John Nichols (November 14, 1834 – September 22, 1917) was a U.S. Congressman from the state of North Carolina between 1887 and 1889.

Nichols was born to Alsey and Charlotte (Broadwell) Nichols near Eagle Rock in Wake County, North Carolina. He attended the common schools and worked for six years in the printing trade. At age twenty-one, he studied at the Lovejoy Academy in Raleigh for a year, then opened a book and job printing business and published a newspaper.

Nichols was a leader in founding the North Carolina Institute for the Deaf and Dumb and the Blind, and served as its principal from 1873 to 1877. He was a revenue-stamp agent in Durham from 1879 to 1881, Raleigh's postmaster from 1881 to 1885, and then secretary and treasurer of the State Fair association.
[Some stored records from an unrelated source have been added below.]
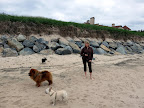 The only people who don't seem to mind the erosion are surfers.  A shorter beach makes greater waves.  Maybe we should all take up surfing until the beach is replenished!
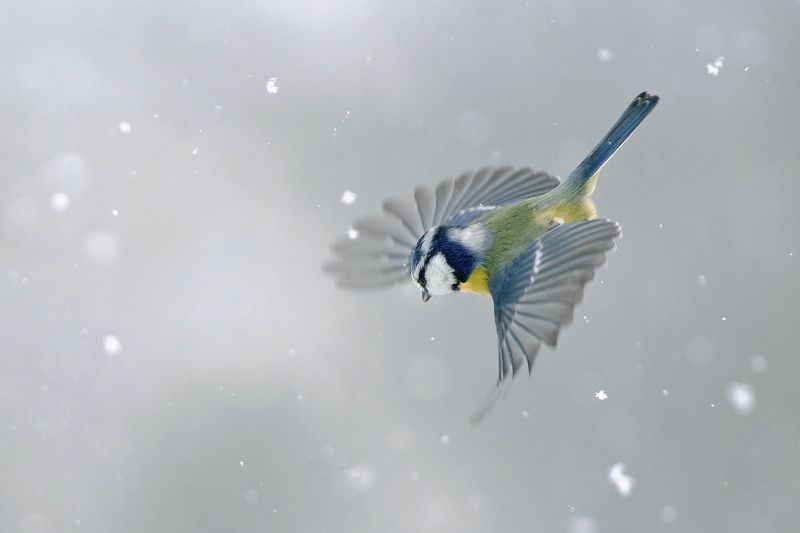 Лазоревкаphoto preview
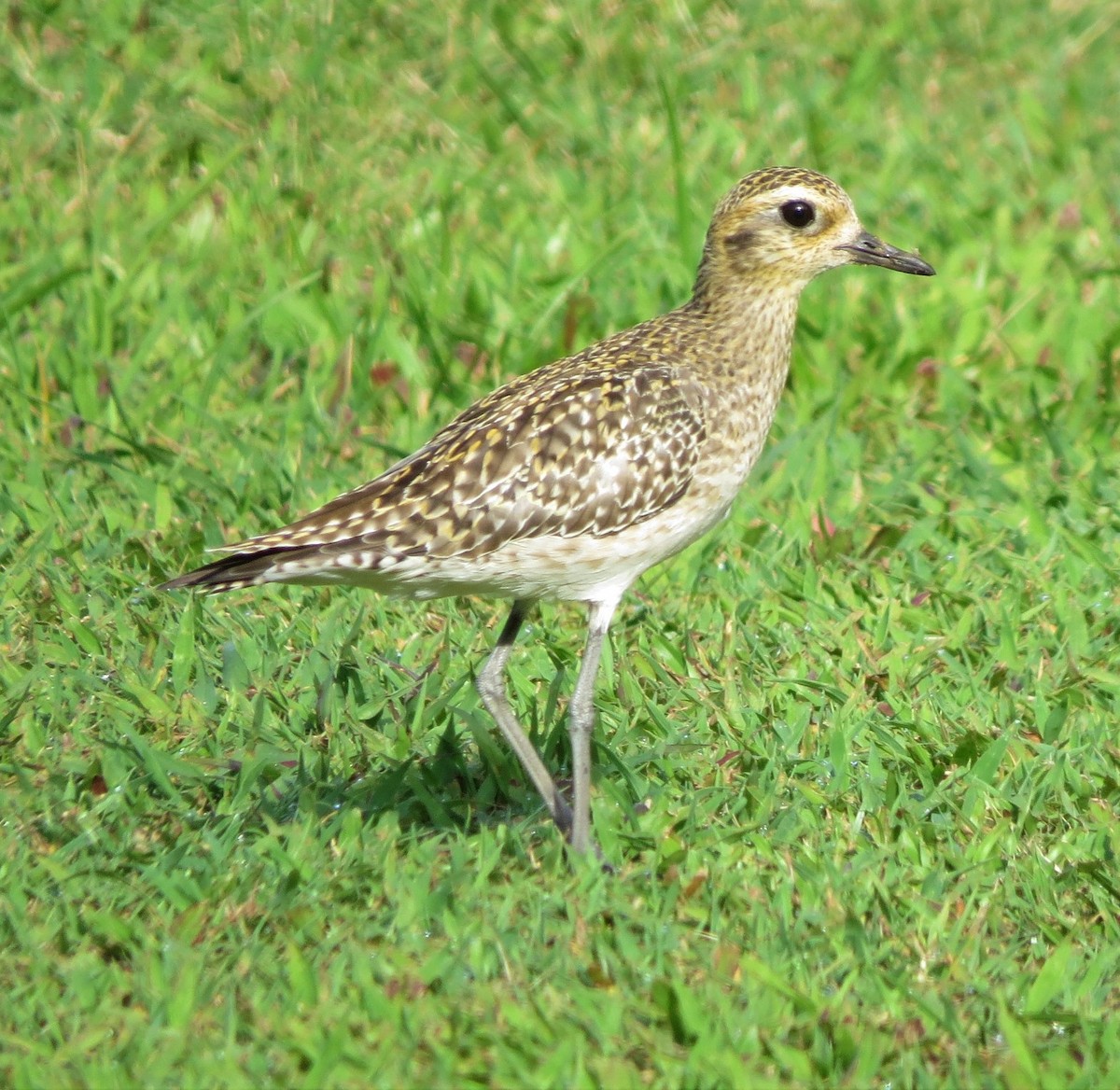 Pacific Golden-Plover - Laura Stanfill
In 1886, although he had long been a Republican, he was elected as an Independent to the 50th United States Congress, thanks to his support from the Knights of Labor. Nichols served one term of two years (March 4, 1887 – March 3, 1889), being defeated for reelection in 1888. On July 22, 1889, he was appointed chief of the Division of Mail and Files of the U.S. Treasury Department. He became private secretary to the Assistant Secretary of the Treasury on April 1, 1893, resigning just 2 months later on June 30.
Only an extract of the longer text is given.